Source data:
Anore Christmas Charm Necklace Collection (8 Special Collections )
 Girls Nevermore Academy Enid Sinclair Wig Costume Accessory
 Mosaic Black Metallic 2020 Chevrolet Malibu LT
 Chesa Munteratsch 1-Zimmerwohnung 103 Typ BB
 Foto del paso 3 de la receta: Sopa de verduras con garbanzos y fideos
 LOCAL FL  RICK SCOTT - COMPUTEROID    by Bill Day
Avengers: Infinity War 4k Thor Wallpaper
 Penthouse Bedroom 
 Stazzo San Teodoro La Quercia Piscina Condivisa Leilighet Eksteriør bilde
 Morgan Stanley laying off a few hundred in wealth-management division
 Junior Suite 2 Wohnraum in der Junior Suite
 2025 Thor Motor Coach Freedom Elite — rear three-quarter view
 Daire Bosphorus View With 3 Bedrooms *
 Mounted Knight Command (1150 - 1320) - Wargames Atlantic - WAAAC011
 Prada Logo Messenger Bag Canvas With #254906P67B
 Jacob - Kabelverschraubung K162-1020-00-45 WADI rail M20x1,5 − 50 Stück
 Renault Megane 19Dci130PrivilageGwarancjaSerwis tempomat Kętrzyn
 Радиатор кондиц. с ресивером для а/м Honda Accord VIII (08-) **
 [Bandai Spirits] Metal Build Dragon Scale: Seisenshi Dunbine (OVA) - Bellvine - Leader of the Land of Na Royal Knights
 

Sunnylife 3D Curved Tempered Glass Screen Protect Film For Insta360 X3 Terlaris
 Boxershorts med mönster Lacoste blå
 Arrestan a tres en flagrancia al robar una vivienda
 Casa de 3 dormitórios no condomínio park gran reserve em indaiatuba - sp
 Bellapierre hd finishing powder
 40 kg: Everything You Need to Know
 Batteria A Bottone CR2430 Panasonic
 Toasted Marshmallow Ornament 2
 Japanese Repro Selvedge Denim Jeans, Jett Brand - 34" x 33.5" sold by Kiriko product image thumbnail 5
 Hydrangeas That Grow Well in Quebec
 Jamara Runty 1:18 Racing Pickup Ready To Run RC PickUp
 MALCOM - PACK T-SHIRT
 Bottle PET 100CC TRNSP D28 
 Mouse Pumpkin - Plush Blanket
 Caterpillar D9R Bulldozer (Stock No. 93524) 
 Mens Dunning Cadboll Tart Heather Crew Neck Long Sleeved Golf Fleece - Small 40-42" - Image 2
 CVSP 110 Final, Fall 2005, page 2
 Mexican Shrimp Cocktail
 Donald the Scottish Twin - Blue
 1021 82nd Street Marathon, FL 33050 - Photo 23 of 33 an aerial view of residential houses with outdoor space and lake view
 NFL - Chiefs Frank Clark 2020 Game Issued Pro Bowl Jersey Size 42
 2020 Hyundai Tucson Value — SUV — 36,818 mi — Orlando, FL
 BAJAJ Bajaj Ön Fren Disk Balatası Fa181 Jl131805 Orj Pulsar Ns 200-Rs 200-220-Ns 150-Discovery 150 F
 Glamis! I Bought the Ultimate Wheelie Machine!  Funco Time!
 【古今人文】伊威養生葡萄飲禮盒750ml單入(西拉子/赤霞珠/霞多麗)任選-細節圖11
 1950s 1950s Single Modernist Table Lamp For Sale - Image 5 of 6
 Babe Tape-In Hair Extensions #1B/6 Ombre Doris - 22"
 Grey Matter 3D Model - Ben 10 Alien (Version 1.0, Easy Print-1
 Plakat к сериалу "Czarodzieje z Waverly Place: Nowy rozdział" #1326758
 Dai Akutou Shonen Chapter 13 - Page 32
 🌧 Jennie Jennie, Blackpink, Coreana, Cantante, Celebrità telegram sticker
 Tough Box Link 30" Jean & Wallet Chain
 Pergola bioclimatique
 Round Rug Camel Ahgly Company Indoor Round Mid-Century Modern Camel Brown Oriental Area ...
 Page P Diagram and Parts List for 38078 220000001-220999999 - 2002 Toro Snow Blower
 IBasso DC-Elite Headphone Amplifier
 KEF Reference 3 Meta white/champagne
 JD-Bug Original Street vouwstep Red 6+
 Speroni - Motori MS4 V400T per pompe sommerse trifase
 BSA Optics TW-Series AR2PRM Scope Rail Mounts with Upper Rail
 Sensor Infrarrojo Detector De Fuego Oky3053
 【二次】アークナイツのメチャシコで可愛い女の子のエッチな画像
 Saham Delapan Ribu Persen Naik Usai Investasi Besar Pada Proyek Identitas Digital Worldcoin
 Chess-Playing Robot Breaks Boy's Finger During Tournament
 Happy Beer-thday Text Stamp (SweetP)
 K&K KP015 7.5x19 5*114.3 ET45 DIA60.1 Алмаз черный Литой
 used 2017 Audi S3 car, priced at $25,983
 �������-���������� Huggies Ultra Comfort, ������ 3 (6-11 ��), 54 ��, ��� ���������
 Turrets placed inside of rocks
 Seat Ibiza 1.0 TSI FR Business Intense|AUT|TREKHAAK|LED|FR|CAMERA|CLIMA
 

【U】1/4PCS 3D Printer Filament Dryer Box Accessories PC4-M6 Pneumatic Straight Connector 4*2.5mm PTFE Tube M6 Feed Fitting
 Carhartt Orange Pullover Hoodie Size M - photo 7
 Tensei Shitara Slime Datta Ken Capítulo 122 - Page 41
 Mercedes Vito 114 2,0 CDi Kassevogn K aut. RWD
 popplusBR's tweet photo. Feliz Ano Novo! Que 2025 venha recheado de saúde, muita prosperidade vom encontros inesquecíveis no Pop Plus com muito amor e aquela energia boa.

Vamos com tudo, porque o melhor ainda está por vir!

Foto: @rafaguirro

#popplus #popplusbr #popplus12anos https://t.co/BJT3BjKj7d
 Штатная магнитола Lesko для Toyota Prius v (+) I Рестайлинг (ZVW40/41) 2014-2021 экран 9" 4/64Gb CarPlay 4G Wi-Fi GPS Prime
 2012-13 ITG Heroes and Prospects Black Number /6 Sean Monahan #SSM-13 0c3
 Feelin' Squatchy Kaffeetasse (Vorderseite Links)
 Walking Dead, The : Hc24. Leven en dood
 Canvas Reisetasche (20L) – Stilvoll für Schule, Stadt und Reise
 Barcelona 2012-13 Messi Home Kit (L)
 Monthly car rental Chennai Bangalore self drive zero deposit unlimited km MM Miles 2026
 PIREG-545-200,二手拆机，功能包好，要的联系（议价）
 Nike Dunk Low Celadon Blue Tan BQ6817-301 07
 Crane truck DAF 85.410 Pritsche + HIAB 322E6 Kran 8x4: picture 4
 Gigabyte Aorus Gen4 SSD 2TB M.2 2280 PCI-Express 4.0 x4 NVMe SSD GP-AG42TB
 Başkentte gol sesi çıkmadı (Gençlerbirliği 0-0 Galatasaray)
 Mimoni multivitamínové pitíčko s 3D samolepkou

Work instruction
Where does the word "Canvas" appear in the records? Copy every line that holds it.

Solution to this exercise
 Prada Logo Messenger Bag Canvas With #254906P67B
 Canvas Reisetasche (20L) – Stilvoll für Schule, Stadt und Reise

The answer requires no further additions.